2005 Progress Report: A Novel Fermentation Process for Butyric Acid and Butanol Production from Plant Biomass

EPA Grant Number: R829479C023
Subproject: this is subproject number 023 , established and managed by the Center Director under grant R829479
(EPA does not fund or establish subprojects; EPA awards and manages the overall grant for this center).
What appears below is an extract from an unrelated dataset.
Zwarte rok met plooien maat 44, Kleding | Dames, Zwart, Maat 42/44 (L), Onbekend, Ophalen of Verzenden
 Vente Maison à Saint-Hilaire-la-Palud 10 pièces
Center: The Consortium for Plant Biotechnology Research, Inc., Environmental Research and Technology Transfer Program
Center Director: Schumacher, Dorin
Title: A Novel Fermentation Process for Butyric Acid and Butanol Production from Plant Biomass
Investigators: Yang, Shang-Tian
Institution: The Ohio State University - Main Campus
EPA Project Officer: Lasat, Mitch
Project Period: October 1, 2004 through September 30, 2007 (Extended to December 31, 2007)
Project Period Covered by this Report: October 1, 2004 through September 30, 2005
RFA: The Consortium for Plant Biotechnology Research, Inc., Environmental Research and Technology Transfer Program (2001) RFA Text |  Recipients Lists
Research Category: Hazardous Waste/Remediation , Targeted Research

Objective:

This project is a follow-on of R829479C016. The objective of this research project is to develop a new two-step fermentation process for economical production of butanol from agricultural commodities and food processing wastes containing carbohydrates as an inexpensive feedstock. In this new process, a butyric acid bacterium (Clostridium tyrobutyricum) will be used to covert glucose and xylose to butyric acid first, and then the produced butyric acid will be converted to butanol by Clostridium acetobutylicum in a separate bioreactor. By separating acidogenesis and solventogenesis in two sequential bioreactors, one can better control the metabolic pathway and direct more carbon source to butanol instead of other byproducts (acetone, ethanol, acetate, and butyrate) commonly found in the acetone-butanol-ethanol (ABE) fermentation, thus increasing butanol yield and productivity. Also, a novel immobilized fibrous bed bioreactor (FBB) will be used for the fermentation to adapt cells to tolerate high butanol concentration. The specific objectives are to: (1) study butanol production from butyric acid and glucose by C. acetobutylicum immobilized in a FBB; (2) develop a process for enhanced butyric acid production from glucose and xylose; and (3) develop and demonstrate the proposed two-step extractive fermentation process for producing butanol from glucose and xylose.

Progress Summary:

The first task of this project is to study butanol production from butyric acid and glucose by C. acetobutylicum immobilized in a FBB, with the following specific aims: (1) obtain a mutant that can tolerate a high butanol concentration (> 20 g/L); (2) evaluate operating parameters that will allow stable butyrate uptake by cells for butanol production; and (3) evaluate and optimize butanol yield from butyrate and glucose. The accomplishments to date are summarized below.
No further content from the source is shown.